Pandas Functions#

So far, we have looked at the basics of using the programming language, python. As we proceed to learning how python is used in data analysis, let’s study some common functions used in pandas library for data manipulation (or data cleaning). It is important to note that this list of methods are not exhastive. Let’s look at some commonly used pandas functions.

# This code just loads up the data we need for the examples below
import sys
sys.path.append('..')
from src.data import load_data
  1. .drop(): In a dataset there can be columns with missing values or columns that are not just useful for your analysis.

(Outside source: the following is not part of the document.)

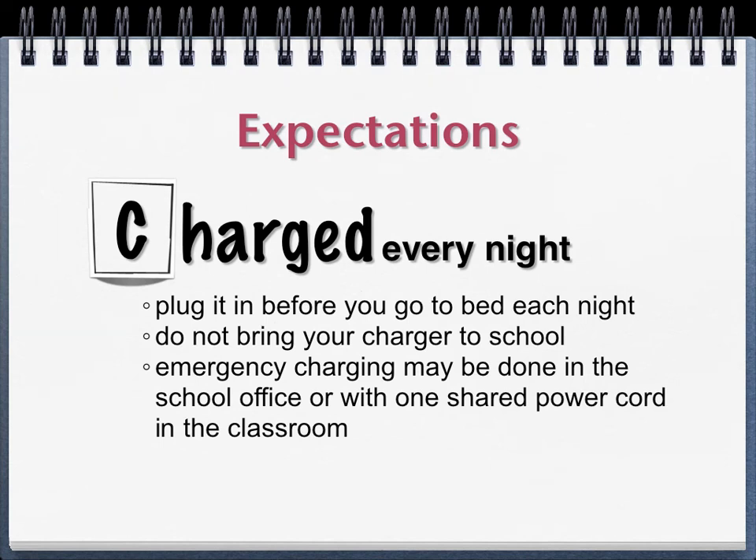C is to keep your computer charged every night. You want to just make a habit of plugging it in before you go to bed. Put your charger near where you keep your stuff that you're going to take to school, plug it in right before you go to bed — just make it part of your bedtime routine. You brush your teeth, get changed for bed, and you plug in your computer. We do not want you to bring your charger to school with you because that would be way too many cords and there's a chance it could get lost or mixed up with someone else's.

For example, you might have a New York city taxi dataset containing information (trip id, datetime, trip distance, payment types, passenger count) but want to focus on analyzing trip trends in a day. In this case, the payment types and passenger count are not relevant for our analysis. Having them in our dataset will take up unnecessary space and processing time.

When working with pandas we can solve this by using the drop() method.

#index, specifies that we can use the LocationID column in the data as the dataframe index
import pandas as pd
zone=load_data('taxi_zone_lookup',index_col='LocationID')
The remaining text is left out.